Repression. (Of enzyme). Where a pathway of successive enzymes leads to the formation of an important metabolite, the amount of the latter that is present may control the activity of all enzymes involved by inhibiting their synthesis.

Repressor. A substance, often proteinaceous that prevents the functions of a gene.

Reserves. Any stored food supplies which may be drawn on in times of food shortage.

Resilient. Springing back into position after being bent.

Respiration. The metabolic process in animals and plants in which organic substances are broken down to simple products with the release of energy, which is incorporated into special energy-carrying molecules (see ATP) and subsequently used for other metabolic processes. In most plants and animals respiration requires oxygen, and carbon dioxide is an end product. The exchange of oxygen and carbon dioxide between the boxy tissues and the environment is called external respiration.

In many animals the exchange of gases takes place at respiratory organs (e.g. lungs in air-breathing vertebrates) and is assisted by respiratory movements (e.g. breathing).

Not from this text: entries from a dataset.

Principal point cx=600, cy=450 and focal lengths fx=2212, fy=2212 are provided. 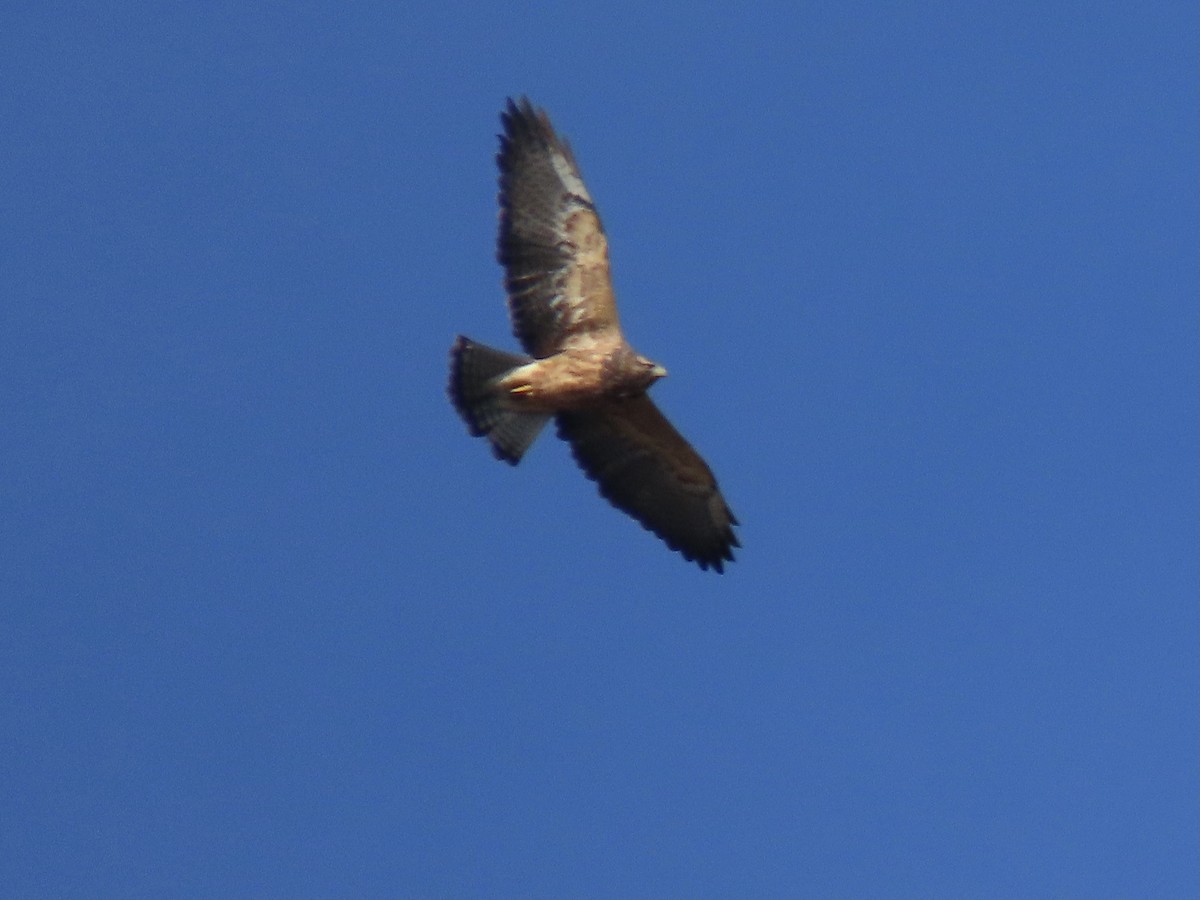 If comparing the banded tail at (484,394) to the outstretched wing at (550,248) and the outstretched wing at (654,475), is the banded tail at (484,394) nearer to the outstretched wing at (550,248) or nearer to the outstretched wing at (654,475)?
the outstretched wing at (550,248)

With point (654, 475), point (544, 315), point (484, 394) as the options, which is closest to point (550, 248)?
point (544, 315)

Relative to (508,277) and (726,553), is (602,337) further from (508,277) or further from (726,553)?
(726,553)

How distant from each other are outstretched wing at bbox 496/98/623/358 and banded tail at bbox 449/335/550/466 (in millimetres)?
269

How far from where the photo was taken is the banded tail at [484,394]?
14.4 m

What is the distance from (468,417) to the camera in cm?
1441

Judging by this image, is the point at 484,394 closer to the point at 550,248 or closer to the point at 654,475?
the point at 550,248

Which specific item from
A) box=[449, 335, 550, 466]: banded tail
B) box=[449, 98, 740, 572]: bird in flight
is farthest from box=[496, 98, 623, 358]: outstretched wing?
box=[449, 335, 550, 466]: banded tail

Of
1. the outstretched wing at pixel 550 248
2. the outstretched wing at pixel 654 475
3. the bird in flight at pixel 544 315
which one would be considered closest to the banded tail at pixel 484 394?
the bird in flight at pixel 544 315

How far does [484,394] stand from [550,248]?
1042 mm

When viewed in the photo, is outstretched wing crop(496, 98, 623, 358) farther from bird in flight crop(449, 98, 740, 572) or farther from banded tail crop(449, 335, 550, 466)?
banded tail crop(449, 335, 550, 466)

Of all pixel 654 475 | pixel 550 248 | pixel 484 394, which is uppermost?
pixel 550 248

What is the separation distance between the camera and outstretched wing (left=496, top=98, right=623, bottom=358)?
14.4 meters

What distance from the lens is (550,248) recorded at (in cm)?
1436

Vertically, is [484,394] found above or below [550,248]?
below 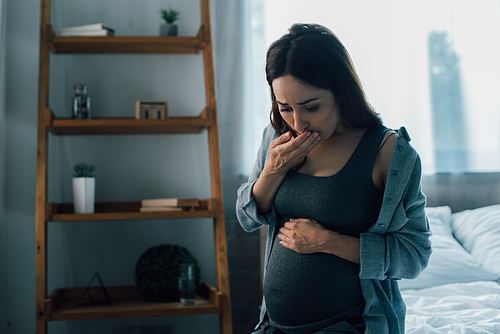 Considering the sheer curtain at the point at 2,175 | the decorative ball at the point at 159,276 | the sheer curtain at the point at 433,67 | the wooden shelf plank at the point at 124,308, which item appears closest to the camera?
the wooden shelf plank at the point at 124,308

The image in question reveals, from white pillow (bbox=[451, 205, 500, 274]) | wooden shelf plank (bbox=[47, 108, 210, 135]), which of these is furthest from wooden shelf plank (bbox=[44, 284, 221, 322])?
Result: white pillow (bbox=[451, 205, 500, 274])

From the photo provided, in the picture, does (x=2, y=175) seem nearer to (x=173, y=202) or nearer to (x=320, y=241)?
(x=173, y=202)

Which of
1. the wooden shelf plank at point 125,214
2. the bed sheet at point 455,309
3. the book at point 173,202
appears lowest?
the bed sheet at point 455,309

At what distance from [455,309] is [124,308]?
1.33 metres

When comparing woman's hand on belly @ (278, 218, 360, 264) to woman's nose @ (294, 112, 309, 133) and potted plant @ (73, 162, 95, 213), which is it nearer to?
woman's nose @ (294, 112, 309, 133)

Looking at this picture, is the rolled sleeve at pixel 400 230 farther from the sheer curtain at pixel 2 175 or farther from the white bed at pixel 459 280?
the sheer curtain at pixel 2 175

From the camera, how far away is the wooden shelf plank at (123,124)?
6.59 ft

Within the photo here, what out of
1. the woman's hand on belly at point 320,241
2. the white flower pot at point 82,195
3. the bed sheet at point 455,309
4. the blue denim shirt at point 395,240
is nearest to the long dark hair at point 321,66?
the blue denim shirt at point 395,240

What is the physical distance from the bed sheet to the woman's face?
0.77m

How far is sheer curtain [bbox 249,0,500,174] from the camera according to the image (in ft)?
8.22

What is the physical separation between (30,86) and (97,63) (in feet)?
1.15

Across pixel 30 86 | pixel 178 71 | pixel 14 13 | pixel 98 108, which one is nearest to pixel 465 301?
pixel 178 71

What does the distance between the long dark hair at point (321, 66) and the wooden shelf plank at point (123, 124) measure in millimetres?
986

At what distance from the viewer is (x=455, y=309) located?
64.0 inches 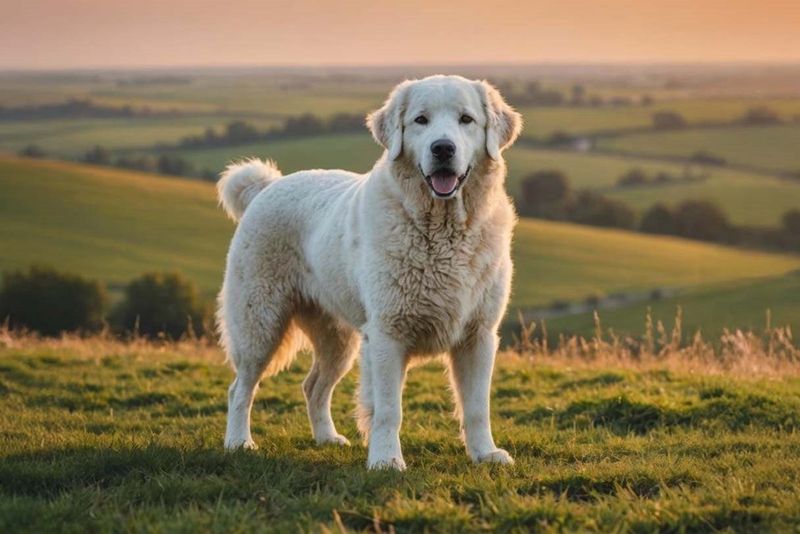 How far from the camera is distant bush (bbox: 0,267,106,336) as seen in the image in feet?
107

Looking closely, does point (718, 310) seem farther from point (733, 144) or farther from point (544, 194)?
point (733, 144)

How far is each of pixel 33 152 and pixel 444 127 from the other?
55.2 m

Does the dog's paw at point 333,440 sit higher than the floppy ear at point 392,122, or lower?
lower

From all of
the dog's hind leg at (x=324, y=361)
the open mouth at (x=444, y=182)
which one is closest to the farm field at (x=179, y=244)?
the dog's hind leg at (x=324, y=361)

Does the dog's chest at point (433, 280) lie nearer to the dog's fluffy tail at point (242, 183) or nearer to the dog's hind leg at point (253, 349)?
the dog's hind leg at point (253, 349)

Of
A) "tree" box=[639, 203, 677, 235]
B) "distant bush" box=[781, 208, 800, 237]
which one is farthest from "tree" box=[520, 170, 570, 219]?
"distant bush" box=[781, 208, 800, 237]

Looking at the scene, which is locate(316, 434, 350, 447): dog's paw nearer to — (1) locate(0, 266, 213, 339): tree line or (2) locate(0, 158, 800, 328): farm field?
(1) locate(0, 266, 213, 339): tree line

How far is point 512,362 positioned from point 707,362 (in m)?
2.21

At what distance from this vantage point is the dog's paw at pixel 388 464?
245 inches

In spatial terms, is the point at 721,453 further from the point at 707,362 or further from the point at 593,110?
the point at 593,110

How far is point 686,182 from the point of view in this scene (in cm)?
5962

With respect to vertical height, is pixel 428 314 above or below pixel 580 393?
above

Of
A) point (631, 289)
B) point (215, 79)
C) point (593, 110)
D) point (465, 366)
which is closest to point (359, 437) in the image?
point (465, 366)

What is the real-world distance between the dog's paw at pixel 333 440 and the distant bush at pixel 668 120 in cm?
6926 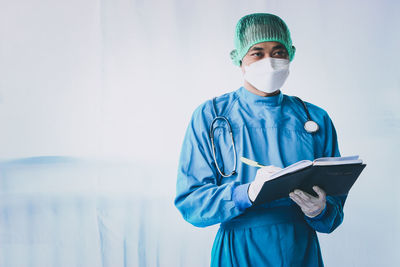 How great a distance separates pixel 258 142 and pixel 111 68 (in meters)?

In plants oxygen enters through pores of the plant surface and diffuses through the tissues via intercellular spaces or dissolved in tissue fluids.

Respiration at the cellular level is known as internal (or tissue) respiration and can be divided into two stages. In the first, glycolysis, glucose is broken down to pyruvate. This does not require oxygen and is a form of anaerobic respiration.

In the second stage, the Krebs cycle, pyruvate is broken down by a cyclic series of reactions to carbon dioxide and water.

This is the main energy-yielding stage and requires oxygen. The processes of glycolysis and the Krebs cycle are common to all plants and animals that respire aerobically.

Respiratory Enzyme. A member of the group of cytochromes.

Respiratory gas. Any gas that takes part in the respiratory process. The term usually denotes oxygen and carbon dioxide.

Respiratory Movement. Movement of part of an animal by which the air or water from which the animal obtains oxygen and to which it gives off carbon dioxide is frequently renewed at the surfaces where this exchange of respiratory gases occurs (i.e. in the respiratory organ). There is great variety of respiratory organs among animals, and great variety of respiratory movement, e.g. breathing movement of chest and diaphragm in man and other mammals; telescopic movements of the abdomen of a wasp; e.g. a baling of water past the gills in a lobster.